Linux 2.4.20, 2.4.21-rc6 both stalls - from low free memory

From: Lauro, John (jlauro@umflint.edu)
Date: Sun Jun 01 2003 - 08:51:57 EST


Hello,

I posted a message Friday to the usenet group, but it must be a
one-way gateway... I'll include it at the end as it has more
details...

2.420 and 2.4.21-rc6 both have major freezes during heavy writes.
Watching "vmstat 1" will give a clue as free droping below 4000 will
almost guarantee it. It takes hours for my system to recover once
hit...

Lots of inactive pages, free buffers and clean cache pages, etc...
The server has 12GB of RAM.

After the last incident while trying to convert a mysql database to an
oracle database, I drove back into work and used <shift><scrollock>
and free was at 815.

Is there a way I can make free pages get released sooner/more
aggressively?
In the Documentation directory of the 2.4.21-rc6 it talks about
freepages in sysctl/vm.txt and filesystems/proc.txt to tune it, but I
can not find that.

Would [PATCH] rmap 15j for 2.4.21-rc6 help? Unfortunately I can't do
much testing as I need to make this a production box...

PS: 2.4.16-rc6 seems to have significantly more overhead compared to
2.4.20. However that might be due to HZ running at 1000 instead of
100 on my two comparisons, but the performance drop seems larger.

Below is my first message that went to usenet instead of directly to
the list...:
Hello,

This is my first post on the subject, but I tried to read all articles
related to this prior to posting...

At first I noticed the problem with 2.4.20 on this new box and started
looking for a solution and seen that 2.4.21-RC6 had some patches that
helped
for some on similiar issues....

2.4.21-RC6 did not help me... :(

I seen some posts on this apparent ongoing problem, so hopefully my
observations might help as I think I noticed some things that others
did not
mention...
Server config: Dual 2.8Ghz Xeon with 12GB of RAM, main data area on
ext3 on
LVM RAID 0 on HW RAID 1. Swap and some lesser used partitions on ext3
(no
LVM HardWare RAID 1). Kernel is running with HZ at 1000.
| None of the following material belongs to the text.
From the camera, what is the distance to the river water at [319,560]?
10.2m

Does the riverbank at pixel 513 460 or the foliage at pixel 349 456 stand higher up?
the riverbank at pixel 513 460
The way I reproduce: Heavy writes on an already moderately busy but
70%
idle box...

The way I watch for it:
vmstat 1 (from the console, or ssh session, no X on the box so I can
watch
the mouse....)
As that outputs one line a second, I can tell when it freezes, at that
stops....

What generally happens is memory on free (according to vmstat) gets
low,
(somewhere around 4000 appears to be the freeze spot) . After several
seconds (or minutes :( ) it gets to 9000 or maybe not that much and
responds
a little untill memory drops down again. Next to no output on the
drives
while it's stalled...

While it's stalled, switching consoles (ALT-F#> can take a second.
and
typing on the console takes 1 or 2 seconds to echo. No response back
from
telenet/ssh to a box untill the pauses stop....

If I know I am going to be doing heavy writes, but not more then a
several
GB.... I have a work around... I wore a simple problem the allocates
3GB
of RAM (only takes a a few second to run and doesn't pause the system,
and
then exits). This gets free from about 6000-10000 it normally likes
to
hover around to over 3,000,000. Then there is no lockups during the
writes.... as long as free stays above 5000....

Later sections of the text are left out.